17

1.3K 73 5
                                    

Adora

Kiedy wróciłam z polany, na której siedziałam z Zephyrem oraz Morbiusem, rzuciłam się do łóżka. Nakryłam się kołdrą tak, że w ogóle nie było mnie widać i płakałam.

Obejmowałam dłońmi brzuch, marząc o tym, abym nie była w ciąży. Miałam urodzić małego Arphisa już pojutrze, więc może nie powinnam aż tak panikować, ale moje życie miało zmienić się nieodwracalnie po jego narodzinach. Wiedziałam, że stanę się matką, a co za tym idzie, będę miała mnóstwo obowiązków. Moje życie już się zmieniło, gdy umarłam w swoim świecie i trafiłam tutaj, ale teraz czekał na mnie prawdziwy rollercoaster.

Nie miałam pojęcia, jak długo płakałam, ale w końcu poczułam, że mam dosyć użalania się nad sobą. Wstałam więc z łóżka, otarłam pozostałości po łzach z policzków i ruszyłam na dół. Zrobiłam sobie herbatę w kuchni i gdy ją wypiłam, wyszłam na pole kwiatów. Zauważyłam bowiem, że na zewnątrz zdążyło się już ściemnić. Nie powinnam martwić się o Zephyra, gdyż nim gardziłam, ale chyba po prostu nie chciałam być w domu sama.

Gdy jednak wyszłam na zewnątrz, nie zobaczyłam nigdzie Zephyra ani Morbiusa. Zdenerwowałam się na nich nie na żarty. Domyślałam się, że po prostu wyszli razem do wioski. Może nawet do restauracji, w której podawano ludzkie mięso.

Poczułam się jak śmieć. Nie chodziło o to, że oczekiwałam, iż Zephyr będzie spędzał ze mną dwadzieścia cztery godziny na dobę. Skoro jednak mnie porwał i zapłodnił sądziłam, że zasługiwałam na większy szacunek. Może miał jednak dość moich humorów, czemu mu się nie dziwiłam. Sama miałam dość tego, że nieustannie płakałam. Nie znalazłam jednak żadnego innego mechanizmu, dzięki któremu mogłabym pogodzić się z tym, co się wydarzyło w moim życiu.

Zdenerwowana i rozżalona na cały świat, wyszłam z domku. Uprzednio nałożyłam sztuczne futro, które znalazłam na wieszaku w korytarzu. Nie rozumiałam, dlaczego Zephyr miał tutaj to błękitne futro, skoro nigdy nie chodził w ubraniu. Po chwili dotarło do mnie jednak, że nakrycie to było mojego rozmiaru. Być może to właśnie dla mnie mężczyzna je wyczarował.

Poszłam dróżką do wioski Arphisów. Dotarłam do fontanny, która po zmroku musiała zostać jednak wyłączona. Zauważyłam także, że wokół mnie nie znajdowało się wiele Arphisów. Te, które mnie widziały, obrzucały mnie tylko wzrokiem, po czym wracały do swoich zajęć. Wystraszyłam się ich, ale uznałam, że skoro nikt mnie nie zaczepiał, nic złego nie mogło mi się stać.

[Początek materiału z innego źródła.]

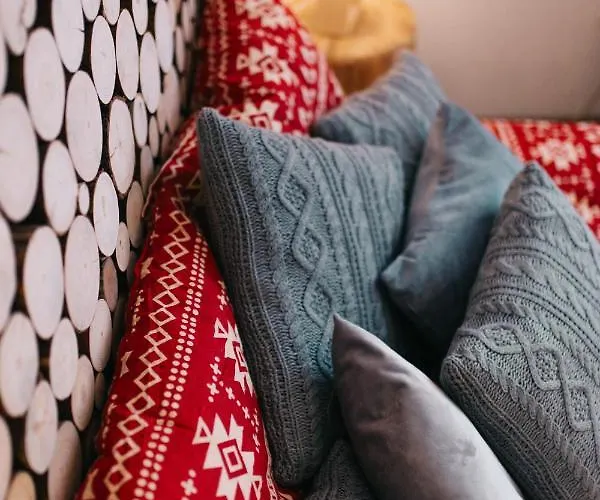 Alloggio in famiglia Banska W Poblizu Goracego Potoku I Term, Rabaty Na Kapieliska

Trudno było mi uwierzyć w zapewnienia Zephyra dotyczące tego, że żaden Arphis z tej krainy mnie nie skrzywdzi. Musiałam jednak spróbować mu zaufać, jeśli nie chciałam oszaleć. Na razie wszystkiego było dla mnie zbyt wiele i choć chciałam się przemóc, to nie byłam w stanie tego zrobić.

W końcu dotarłam do końca wioski. Minęłam ostatni domek i zaczęłam wspinać się na wzgórze, z którego zniósł mnie Zephyr po tym, jak pojawiliśmy się w tym magicznym świecie.

Miałam zamiar wrócić do domu. Co z tego, że moi rodzice już mnie nie pamiętali? To nie znaczyło, że nie mogłam zamieszkać gdzieś blisko nich. Pewnie płonęłabym z zazdrości widząc, jakim uczuciem obdarzają swoją córkę, która zajęła moje miejsce, ale wolałabym wszystko niż życie w tej przerażającej krainie.

Było ciemno. Potykałam się o kamienie i gałązki leżące na ziemi. Dróżka jednak była wydeptana, więc szło mi się nie najgorzej.

W końcu dotarłam do miejsca, w którym wylądowaliśmy z Zephyrem po tym, jak odebrał mi ziemskie życie. Dotknęłam z nadzieją pobliskiego drzewa, jakby łudząc się, że gdy to uczynię, drzewo zacznie lśnić magicznym blaskiem i pozwoli mi otworzyć portal.